Drosera rotundifolia (round leaved sundew) growing on a Sphagnum capillifolium hummock on blanket bog peat, Dartmoor National Park (Credit Paul Lunt)

Drosera rotundifolia (round leaved sundew) growing on a Sphagnum capillifolium hummock on blanket bog peat, Dartmoor National Park (Credit Paul Lunt)

The peatlands of Dartmoor could be an underestimated resource in the fight against climate change as their ability to store carbon has not diminished in almost 150 years, research shows.

Scientists from the University of Plymouth investigated whether there has been a reduction in the strength of carbon sinks in the moor’s valley mires and blanket bogs.

By taking a series of core samples they were able to analyse peat age, bulk density and carbon content and calculate past rates of carbon accumulation.

The results show that both past and contemporary rates of CO2 sequestration were found to be at the maximum of those reported for temperate peatlands.

That, researchers say, suggests recent changes in climate appear to have had minimal impact on the strength of peatland carbon sinks in South West England.

It suggests that recent bioclimatic envelope models may be underestimating the potential future contribution that UK peatlands can make to carbon sequestration under observed climatic trends.

The study, published in the June edition of Science of the Total Environment, was conducted by academics and students from the University’s School of Geography, Earth and Environmental Sciences.

Lead author Dr Paul Lunt, Associate Professor (Senior Lecturer) in Environmental Science, said:

“Annually up to 10 tonnes of carbon dioxide is taken out of the atmosphere per hectare of peat forming vegetation and, in those terms, it is probably the most cost effective way of getting carbon out of the atmosphere. Our findings suggest that, contrary to expectations, the peatlands of Dartmoor are stable and possibly increasing, due – among other factors – to increased rainfall and changes in the patterns of rain. With government targets to be zero carbon by 2050, peatlands could therefore be an overlooked resource in the fight against climate change.”

Watch our animation about the peatlands of Dartmoor

Peatlands are estimated to cover three to four per cent of the world's land area, with estimates that they help to remove one to five per cent of global annual human greenhouse gas emissions. In the UK, they cover 24,600 km² (around 15 per cent of the land area) and store 2.3–3.12 Gt C, potentially making a significant contribution to national GHG reduction targets.

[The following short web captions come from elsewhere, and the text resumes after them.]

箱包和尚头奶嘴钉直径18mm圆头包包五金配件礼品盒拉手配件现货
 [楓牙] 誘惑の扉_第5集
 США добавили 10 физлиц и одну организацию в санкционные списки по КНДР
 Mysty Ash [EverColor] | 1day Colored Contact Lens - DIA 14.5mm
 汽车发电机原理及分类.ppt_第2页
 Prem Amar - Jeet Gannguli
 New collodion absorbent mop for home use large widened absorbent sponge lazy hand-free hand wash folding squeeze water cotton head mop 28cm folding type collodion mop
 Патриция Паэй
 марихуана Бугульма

On Dartmoor, there are around 8,000 hectares of peatland with this research – which focussed on Fox Tor Mire and Red Lake Mire, south east of Princetown – showing that areas with peat forming vegetation are increasing in depth by up to 10mm each year.

Using the mean accumulation rate, scientists estimated that 88,000 tonnes of CO2 have been sequestered in Fox Tor valley mire during the period from 1876-2010.

In recent years, there have been initiatives to raise the water table – both expanding and enhancing the peatlands on Dartmoor – with the University involved in a range of citizen science projects, and ongoing research, in this area.

Dr Lunt added:

“Climate scientists agree that peatlands have had an important role in past global cooling and have the potential to make greater contributions in the future. However, as well as the environmental considerations, there are local challenges to overcome, in terms of convincing those living and working on Dartmoor of the benefits of peatland restoration. However, our research suggests that if that can happen, the moors could be a key environment when it come to mitigating against future climate change.”